Note: This bug is displayed in read-only format because the product is no longer active in Red Hat Bugzilla.

Bug 762908 (GLUSTER-1176)

Summary:	Two replica failures prevent self-heal even when one node recovers
Product:	[Community] GlusterFS	Reporter:	Shehjar Tikoo <shehjart>
Component:	replicate	Assignee:	Pranith Kumar K <pkarampu>
Status:	CLOSED WORKSFORME	QA Contact:
Severity:	medium	Docs Contact:
Priority:	low
Version:	mainline	CC:	amarts, gluster-bugs, rabhat, vijay, vijaykumar
Target Milestone:	---
Target Release:	---
Hardware:	All
OS:	Linux
Whiteboard:
Fixed In Version:		Doc Type:	Bug Fix
Doc Text:		Story Points:	---
Clone Of:		Environment:
Last Closed:		Type:	---
Regression:	RTP	Mount Type:	nfs
Documentation:	DP	CRM:
Verified Versions:		Category:	---
oVirt Team:	---	RHEL 7.3 requirements from Atomic Host:
Cloudforms Team:	---	Target Upstream Version:
Embargoed:

Description Shehjar Tikoo 2010-07-20 06:46:29 UTC

(In reply to comment #0)
> In a three replica setup, if one replica goes down, IO continues as normal to
> the two remaining replicas, and self-heals when this replica comes back up.
> 
> When two replicas go down, IO continues to the one remaining replica. When one
> replica comes back up, self-heal allows IO on the source replica to continue in
> parallel to self-heal on the destination replica.


Correct behaviour is to pause IO on all replicas, and allow only self heal to continue on the replica that came back up. Right now, parallel self-heal and IO on the source replica is resulting in data corruption on the recovering replica.

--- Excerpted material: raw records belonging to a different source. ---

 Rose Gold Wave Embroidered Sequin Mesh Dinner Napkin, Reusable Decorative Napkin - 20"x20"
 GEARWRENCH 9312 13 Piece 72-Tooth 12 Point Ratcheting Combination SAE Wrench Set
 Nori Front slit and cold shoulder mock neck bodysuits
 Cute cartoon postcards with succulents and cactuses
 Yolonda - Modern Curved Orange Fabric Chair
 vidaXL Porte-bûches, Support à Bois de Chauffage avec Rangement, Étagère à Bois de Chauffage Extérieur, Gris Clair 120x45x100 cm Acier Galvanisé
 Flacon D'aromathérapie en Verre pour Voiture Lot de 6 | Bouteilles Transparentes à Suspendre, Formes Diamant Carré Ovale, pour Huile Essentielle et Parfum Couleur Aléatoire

Comment 1 Shehjar Tikoo 2010-07-20 08:42:53 UTC

In a three replica setup, if one replica goes down, IO continues as normal to the two remaining replicas, and self-heals when this replica comes back up.

When two replicas go down, IO continues to the one remaining replica. When one replica comes back up, self-heal allows IO on the source replica to continue in parallel to self-heal on the destination replica.

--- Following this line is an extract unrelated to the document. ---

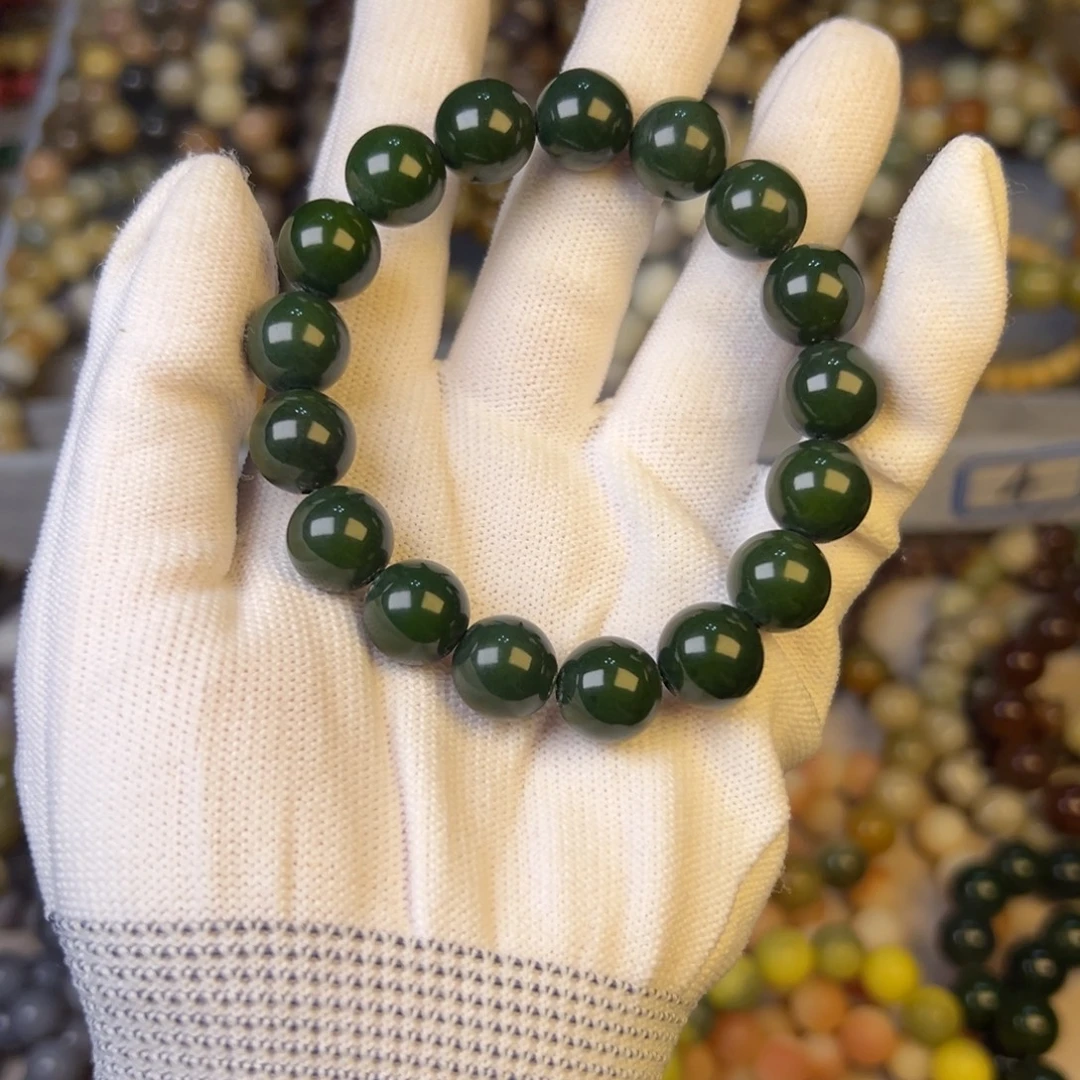 菩提根/象牙果手串墨绿卡12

Comment 2 Raghavendra Bhat 2011-04-07 05:25:28 UTC

I did a similar kind of test. i.e. created a 3 replica volume. Started it and mounted it as nfs mount. Started dd of a 2gb file and brought down 2 bricks. After around 500 MB is copied brought up the 2 bricks. After the file is entirely written, checked the md5sum of the file on all the bricks. md5sum was same on all the bricks and on the mount point. Seems that it is working fine.

Comment 3 Shehjar Tikoo 2011-04-07 06:06:08 UTC

The problem is when only one downed node is brought up, not both. Leave the third replica down and let the IO complete. Then check md5 sum. Make sure you're using a file other than /dev/zero for dd input.

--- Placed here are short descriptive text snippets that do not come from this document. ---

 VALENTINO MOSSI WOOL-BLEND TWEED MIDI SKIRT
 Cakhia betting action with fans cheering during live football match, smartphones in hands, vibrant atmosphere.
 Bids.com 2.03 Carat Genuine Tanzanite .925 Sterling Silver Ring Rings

Comment 4 Amar Tumballi 2011-04-25 09:33:13 UTC

Please update the status of this bug as its been more than 6months since its filed (bug id < 2000)

Please resolve it with proper resolution if its not valid anymore. If its still valid and not critical, move it to 'enhancement' severity.

Comment 5 Shehjar Tikoo 2011-04-26 03:11:03 UTC

Still valid.

Comment 6 Vijaykumar 2011-08-16 07:46:44 UTC

I created 3 replica volume, started it and mounted it as nfs mount point. started dd of 2gb with if=/dev/urandom at the mount point. I brought down 2 bricks. I was monitoring du of file in all the bricks and at the mount. when i brought down two bricks, file size was increasing in one brick which was up, and it was constant in other two. When i brought up one of the bricks which were down , IO stopped on the mount point till self healing was complete. Later the file size in both bricks and mount point started increasing simultaneously. I have performed this test for some 7 to 8 times, it was consistently working fine.